* [Brief]
Would you retype exactly the lines from the one holding "Lagoon 55 (SAILUXE - Vega) Cockpit - 22" through the last line of the listing, and only those, without pictures?

* [Available data]

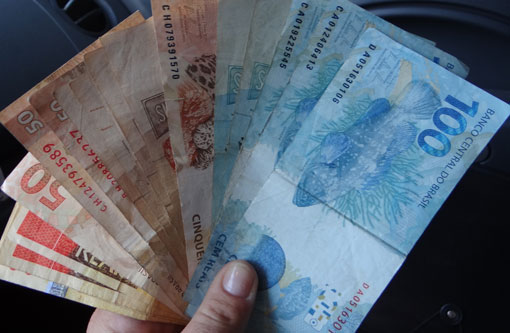 Salário mínimo no Brasil deveria ser de R$ 3.518,51, aponta Dieese 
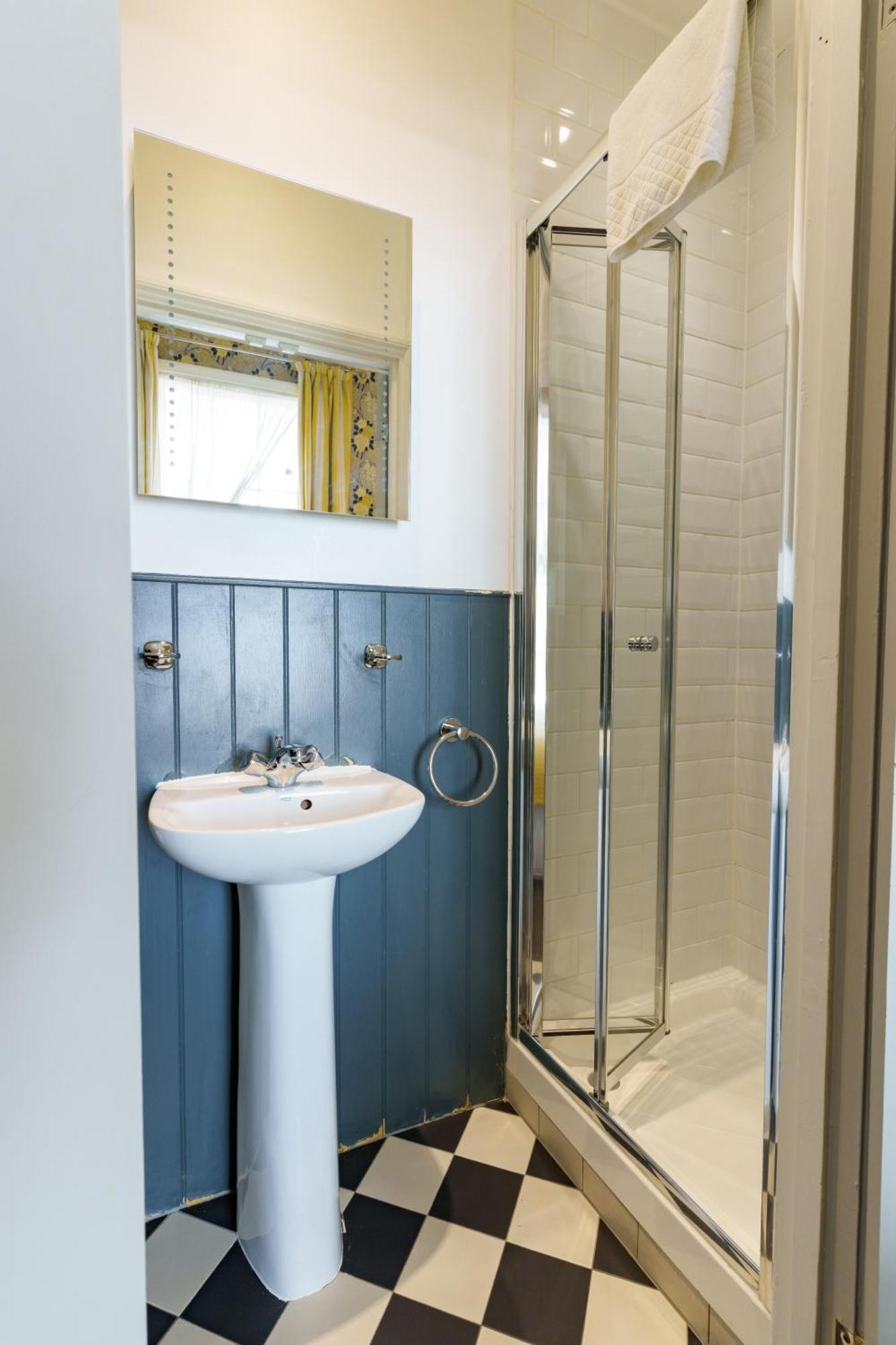 Bower House Hotel London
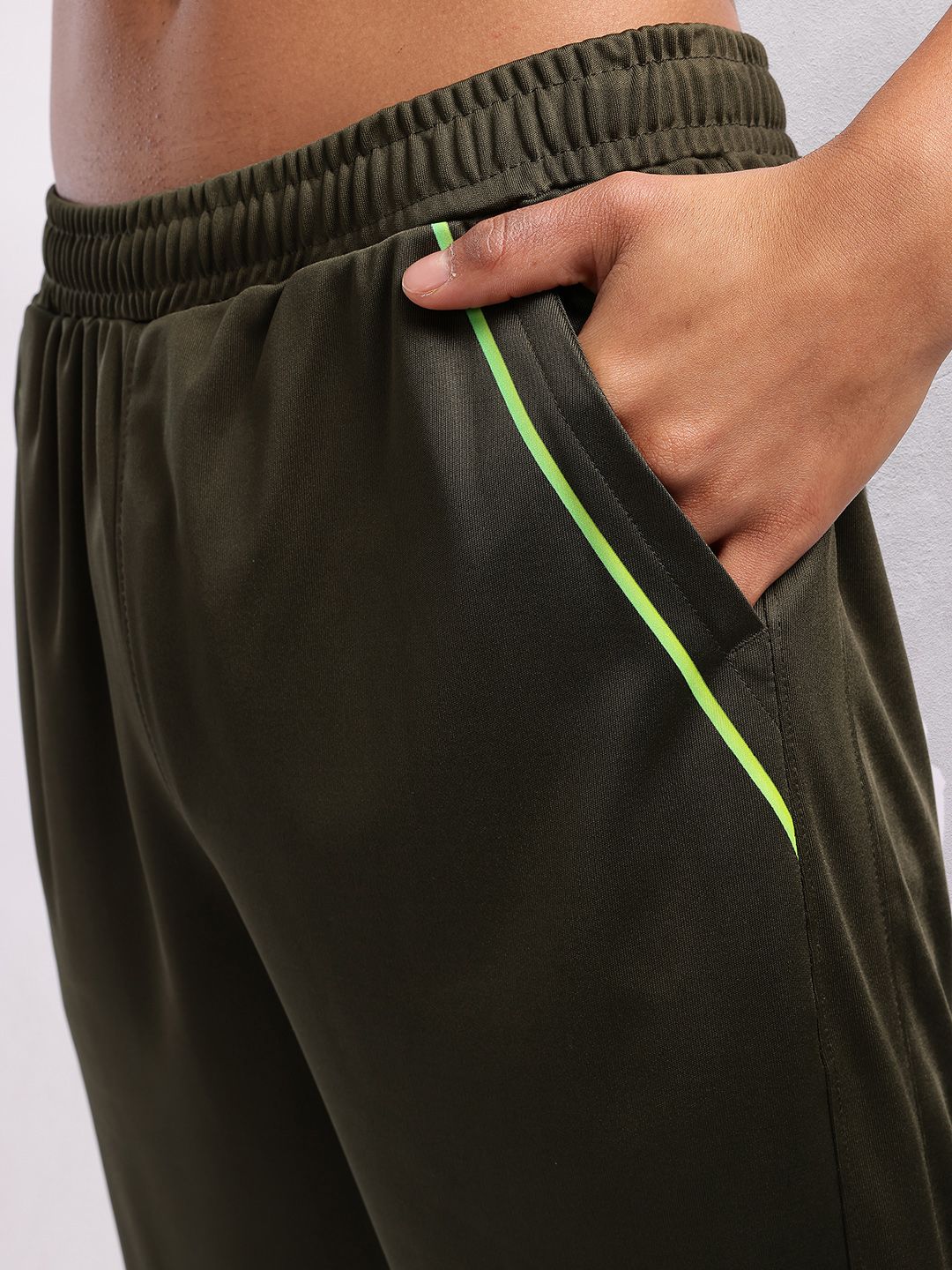 HRX by Hrithik Roshan Men Mid-Rise Rapid-Dry Training Joggers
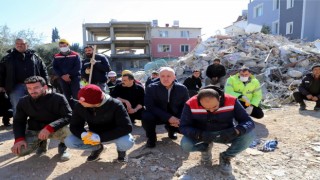 Akdenizde yaralar birlikte sarılıyor
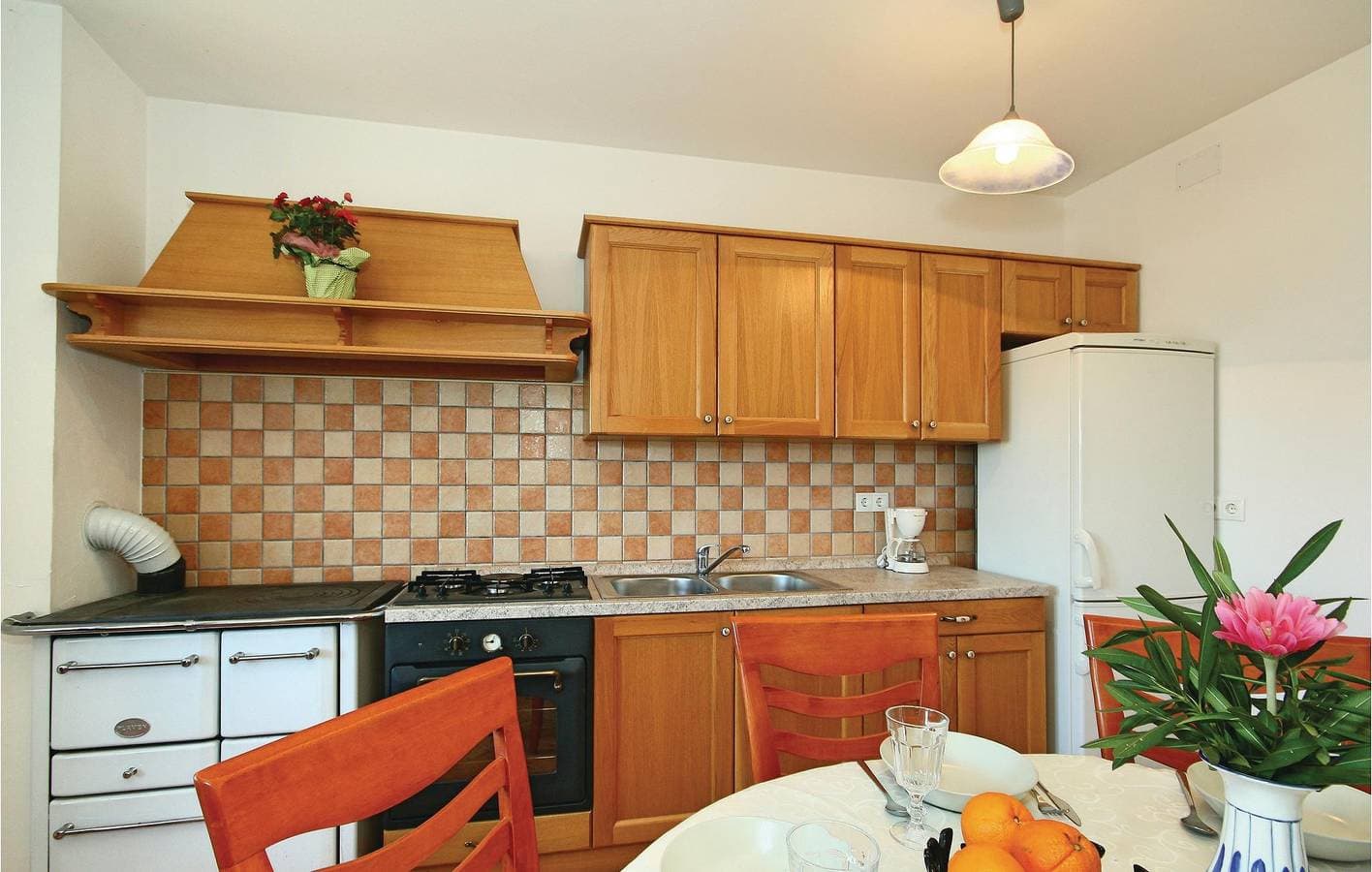 Foto 3 von 16: Gemütliche 93 m² große Wohnung mit Terrasse, Garten und kostenlosem WLAN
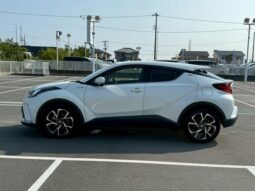 
										TOYOTA C-HR 2020 full									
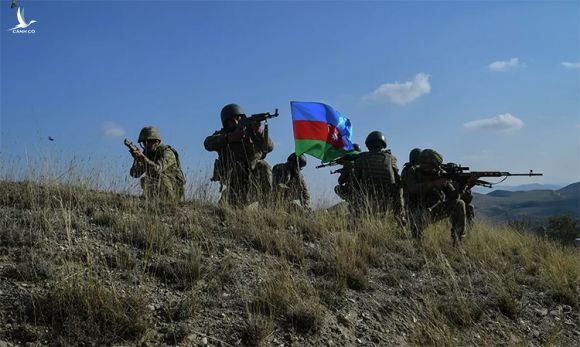 Lính Azerbaijan dựng cờ trên một cao điểm gần làng Talish, ngày 23/10. Ảnh: RIA Novosti.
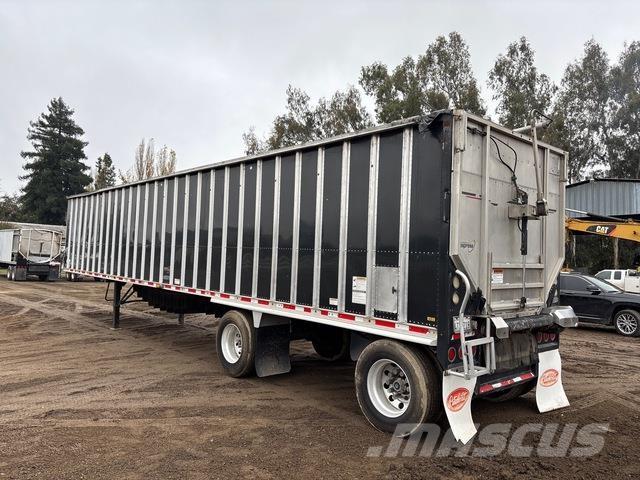 Western  أنصاف المقطورات ذات سطح متحرك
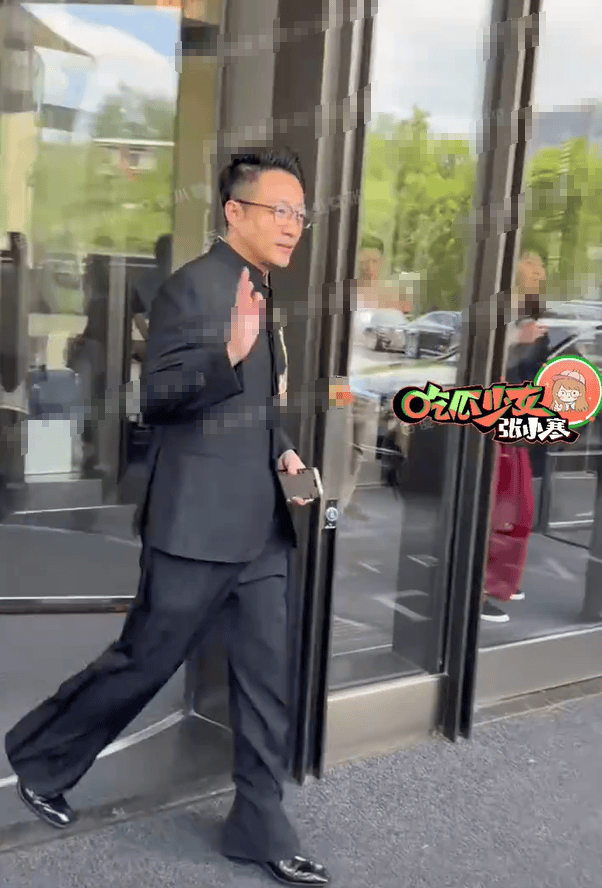 汪小菲婚礼现场！马筱梅穿秀禾喜庆，张兰穿白色旗袍，现场刮大风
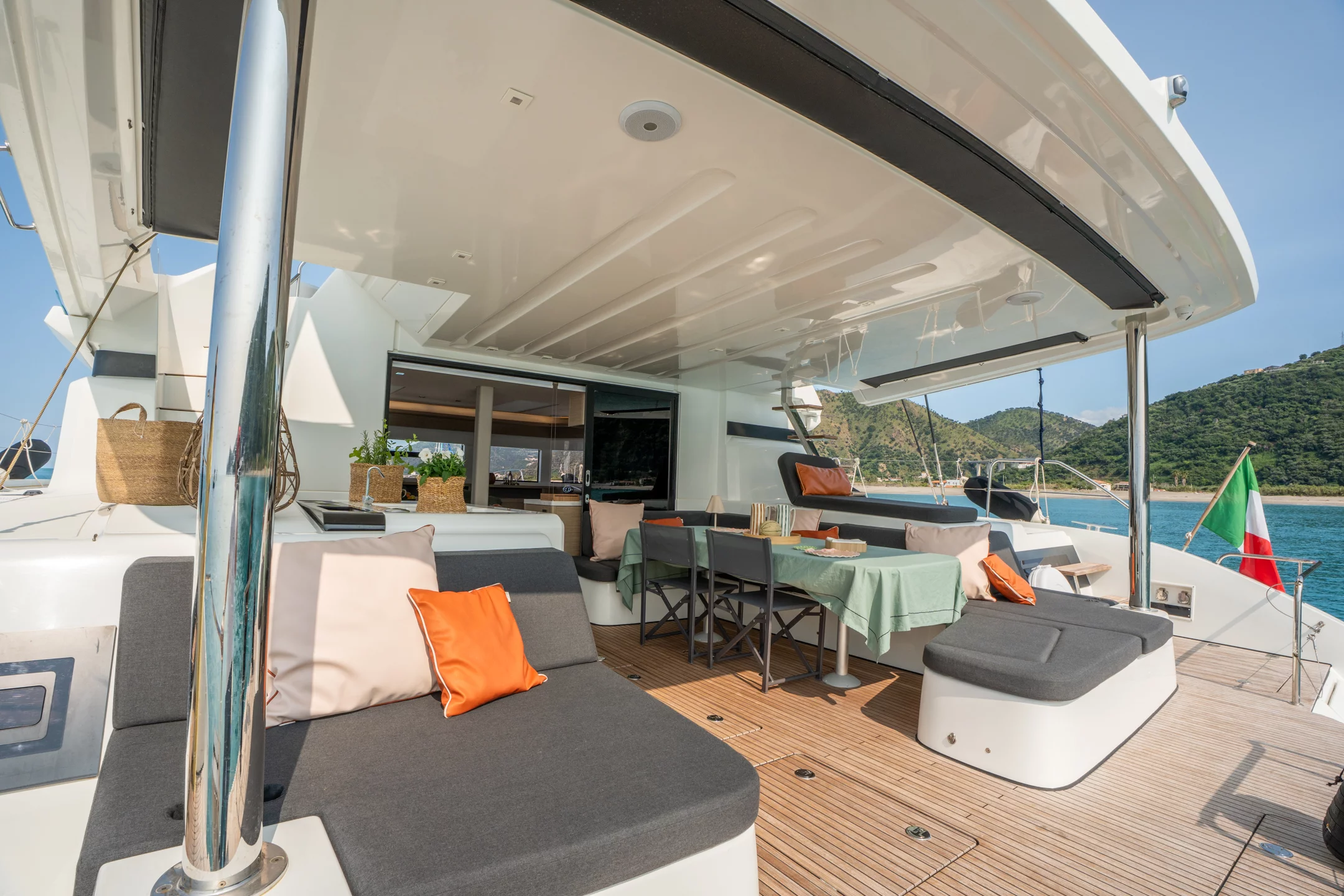Lagoon 55 (SAILUXE - Vega) Cockpit - 22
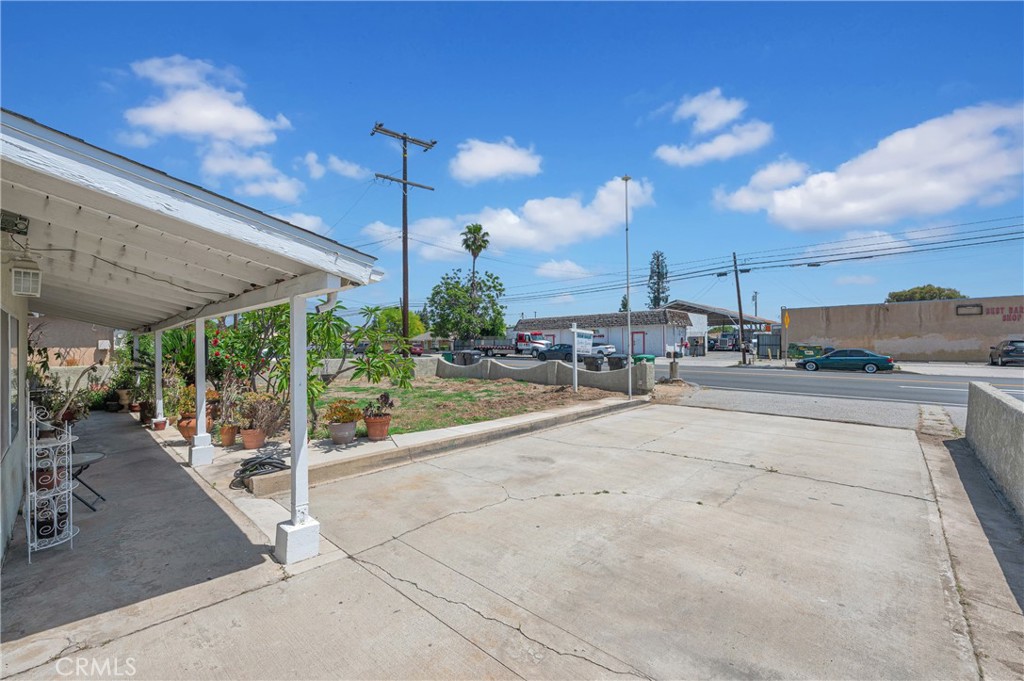 main property photo 7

* [Finished exercise]
Lagoon 55 (SAILUXE - Vega) Cockpit - 22
 main property photo 7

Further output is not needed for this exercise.